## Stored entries
- Opening Delimiter -

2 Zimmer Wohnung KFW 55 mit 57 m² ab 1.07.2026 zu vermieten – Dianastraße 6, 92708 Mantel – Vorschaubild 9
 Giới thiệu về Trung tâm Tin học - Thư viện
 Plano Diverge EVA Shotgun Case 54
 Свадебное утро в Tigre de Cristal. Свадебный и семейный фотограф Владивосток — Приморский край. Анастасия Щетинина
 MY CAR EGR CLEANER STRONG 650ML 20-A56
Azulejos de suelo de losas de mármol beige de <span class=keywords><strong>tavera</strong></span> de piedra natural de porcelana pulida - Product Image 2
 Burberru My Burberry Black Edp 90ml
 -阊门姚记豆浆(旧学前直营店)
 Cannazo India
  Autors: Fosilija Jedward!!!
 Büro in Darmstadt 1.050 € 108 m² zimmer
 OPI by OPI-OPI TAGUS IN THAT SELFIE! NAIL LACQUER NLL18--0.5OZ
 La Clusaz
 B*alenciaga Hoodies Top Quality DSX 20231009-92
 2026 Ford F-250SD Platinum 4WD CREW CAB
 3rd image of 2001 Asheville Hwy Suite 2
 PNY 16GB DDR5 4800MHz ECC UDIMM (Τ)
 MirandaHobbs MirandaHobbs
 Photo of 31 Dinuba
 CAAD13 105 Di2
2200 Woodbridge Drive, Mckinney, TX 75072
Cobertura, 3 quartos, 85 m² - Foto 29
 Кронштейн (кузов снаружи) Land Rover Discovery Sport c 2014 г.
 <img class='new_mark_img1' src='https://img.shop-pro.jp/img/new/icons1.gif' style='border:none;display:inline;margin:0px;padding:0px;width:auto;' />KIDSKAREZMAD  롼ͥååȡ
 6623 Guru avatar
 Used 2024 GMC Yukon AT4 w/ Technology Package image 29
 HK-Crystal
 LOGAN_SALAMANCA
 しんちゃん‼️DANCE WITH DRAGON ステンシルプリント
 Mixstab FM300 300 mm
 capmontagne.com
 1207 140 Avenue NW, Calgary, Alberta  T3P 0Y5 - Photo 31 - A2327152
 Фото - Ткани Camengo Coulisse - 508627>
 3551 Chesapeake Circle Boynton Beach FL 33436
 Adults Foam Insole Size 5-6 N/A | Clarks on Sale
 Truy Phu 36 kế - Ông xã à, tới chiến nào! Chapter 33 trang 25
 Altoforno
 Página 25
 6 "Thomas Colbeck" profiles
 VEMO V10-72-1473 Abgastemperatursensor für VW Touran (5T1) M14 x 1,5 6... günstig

- Closing Delimiter -

## Problem requirements
Transcribe every line of the records exactly, please.

## Answer section
2 Zimmer Wohnung KFW 55 mit 57 m² ab 1.07.2026 zu vermieten – Dianastraße 6, 92708 Mantel – Vorschaubild 9
 Giới thiệu về Trung tâm Tin học - Thư viện
 Plano Diverge EVA Shotgun Case 54
 Свадебное утро в Tigre de Cristal. Свадебный и семейный фотограф Владивосток — Приморский край. Анастасия Щетинина
 MY CAR EGR CLEANER STRONG 650ML 20-A56
Azulejos de suelo de losas de mármol beige de <span class=keywords><strong>tavera</strong></span> de piedra natural de porcelana pulida - Product Image 2
 Burberru My Burberry Black Edp 90ml
 -阊门姚记豆浆(旧学前直营店)
 Cannazo India
  Autors: Fosilija Jedward!!!
 Büro in Darmstadt 1.050 € 108 m² zimmer
 OPI by OPI-OPI TAGUS IN THAT SELFIE! NAIL LACQUER NLL18--0.5OZ
 La Clusaz
 B*alenciaga Hoodies Top Quality DSX 20231009-92
 2026 Ford F-250SD Platinum 4WD CREW CAB
 3rd image of 2001 Asheville Hwy Suite 2
 PNY 16GB DDR5 4800MHz ECC UDIMM (Τ)
 MirandaHobbs MirandaHobbs
 Photo of 31 Dinuba
 CAAD13 105 Di2
2200 Woodbridge Drive, Mckinney, TX 75072
Cobertura, 3 quartos, 85 m² - Foto 29
 Кронштейн (кузов снаружи) Land Rover Discovery Sport c 2014 г.
 <img class='new_mark_img1' src='https://img.shop-pro.jp/img/new/icons1.gif' style='border:none;display:inline;margin:0px;padding:0px;width:auto;' />KIDSKAREZMAD  롼ͥååȡ
 6623 Guru avatar
 Used 2024 GMC Yukon AT4 w/ Technology Package image 29
 HK-Crystal
 LOGAN_SALAMANCA
 しんちゃん‼️DANCE WITH DRAGON ステンシルプリント
 Mixstab FM300 300 mm
 capmontagne.com
 1207 140 Avenue NW, Calgary, Alberta  T3P 0Y5 - Photo 31 - A2327152
 Фото - Ткани Camengo Coulisse - 508627>
 3551 Chesapeake Circle Boynton Beach FL 33436
 Adults Foam Insole Size 5-6 N/A | Clarks on Sale
 Truy Phu 36 kế - Ông xã à, tới chiến nào! Chapter 33 trang 25
 Altoforno
 Página 25
 6 "Thomas Colbeck" profiles
 VEMO V10-72-1473 Abgastemperatursensor für VW Touran (5T1) M14 x 1,5 6... günstig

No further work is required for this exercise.